William Finch | |
Birth Date: | 1 October 1832 |
Occupation: | Politician, minister, tailor |
Office: | Member of the Atlanta Board of Aldermen Fourth Ward |
William S. Finch (October 1, 1832 - January 10, 1911) was a minister, tailor, and politician.[1]
Finch was born October 1, 1832, enslaved in Washington, Wilkes County, Georgia.[2] When he was twelve he was taken into the home of Judge Garnett Andrews, the father of Eliza Frances Andrews where he was educated to read and write.
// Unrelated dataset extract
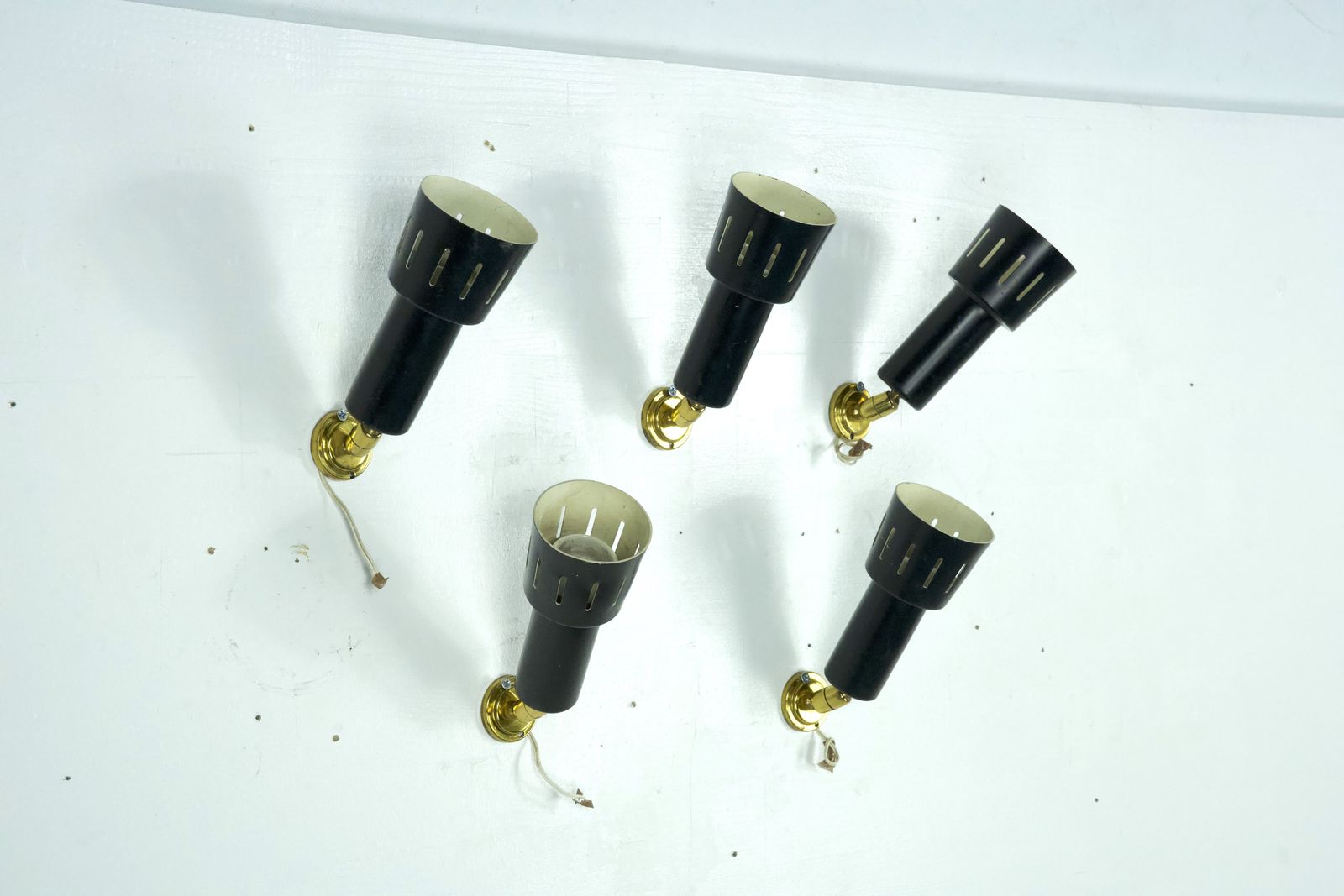 Set Of Five Stilnovo Manner Spotlights In Brass And Lacquered Metal. Italy 1960s photo buy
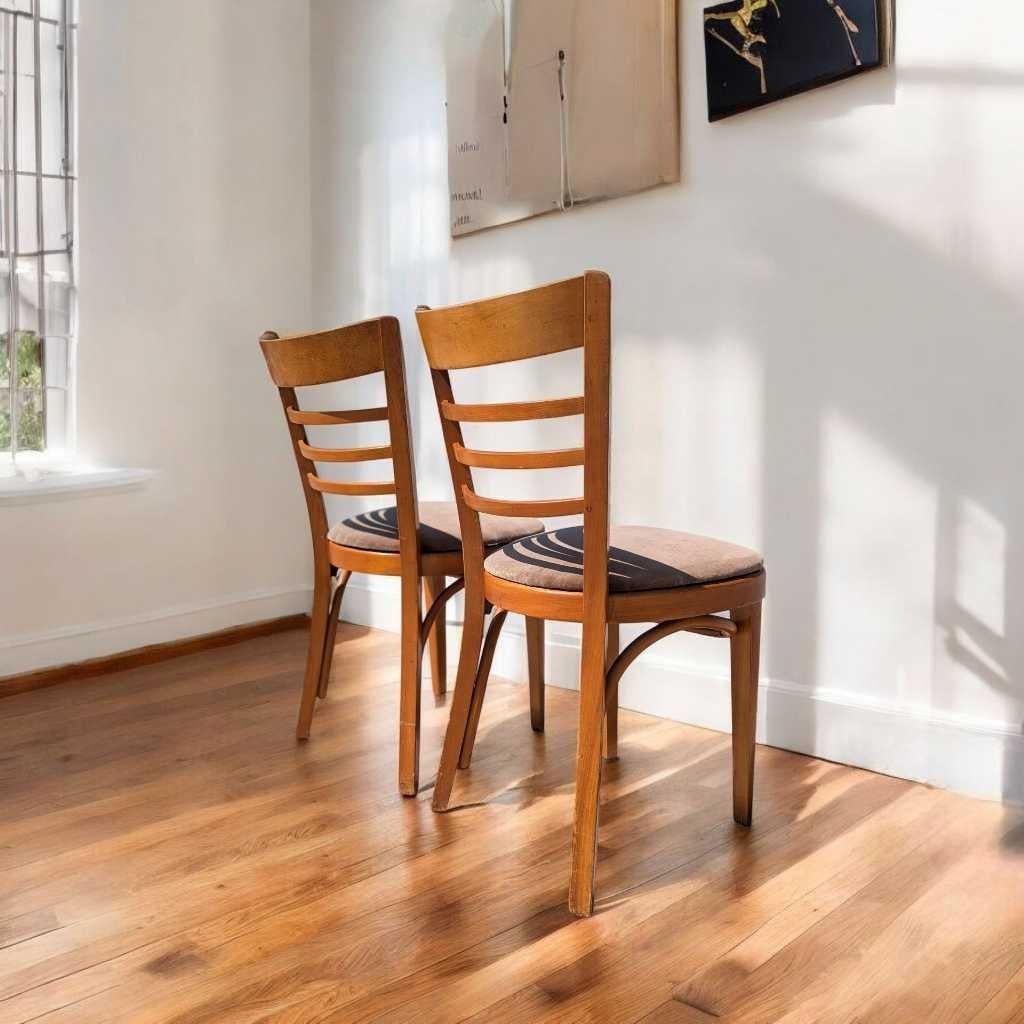 20ième siècle Mid-Century Dining Chairs, Pair – Bentwood, Wood Frame, Thonet, c. 1930s en vente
Whilst at the Andrews house, where he stayed for four years, he also became a tailor's apprentice.
He was purchased by Joseph H. Lumpkin the chief justice of the Georgia Supreme Court in 1848, and while still enslaved worked as a tailor and acquired some property.Finch attributed his time with Justice Lumpkin and the counsel he received to his later success in life.
He married Laura Wright in 1854 and when the American Civil War started he and his family had moved back to the Judge Andrews home where they remained until the end in 1865 and by that point they already had six children together.He was often called to help the wounded Confederate soldiers and to protect his owner's property and family.At the end of the war he showed his appreciation for his freedom by presenting to the 144th New York regiment an American flag he had made.
In 1866 he moved with his family to Augusta, Georgia, and in February of that year attended the 1866 black convention.While in Augusta he help set up a school for blacks and opened his own tailor shop but after realising the income was not enough to keep his family they moved again, in 1868, to Atlanta, Georgia, and opened a successful tailor shop on Peachtree Street.
Over the next four years he acquired $1000 worth of real-estate and by the 1890s was believed to be worth around $6000 including his own horse and buggy and an expensive home.
Finch was described as mulatto, around five foot six in height and with a large drooping moustache and heavy eyebrows.
He had been an active church member while still a slave and in 1868 he became an ordained minister for the African Methodist Episcopal Church and later in 1876 reached the position of elder.He was charged, probably due to personal conflicts with another minister, with leading a "vicious life" and removed from the church during the 1880s.
Finch and George Graham were the first African Americans that were elected to serve on the Atlanta City Council in 1870.[3] He failed to get re-elected in 1871, 1872, and 1879 meaning that they were the last black people to be elected to any office in the city until 1953, over eighty three years later.
While serving on the council he fought for the employment of black teachers, for establishing public schools for blacks as well as other legislation to benefit all citizens.[4] He successfully lobbied for street improvements in both black and poor white neighborhoods.
In 1884 he made an unsuccessful run for the Georgia legislature in 1884, the final end to his political career.
Finch died on January 10, 1911, and is buried in the Oakland Cemetery.[5] He died leaving an estate worth between $12,000 and $15,000 mostly from property with most of that being a plot of land on Edgewood avenue which he had purchased for less than $300.[6]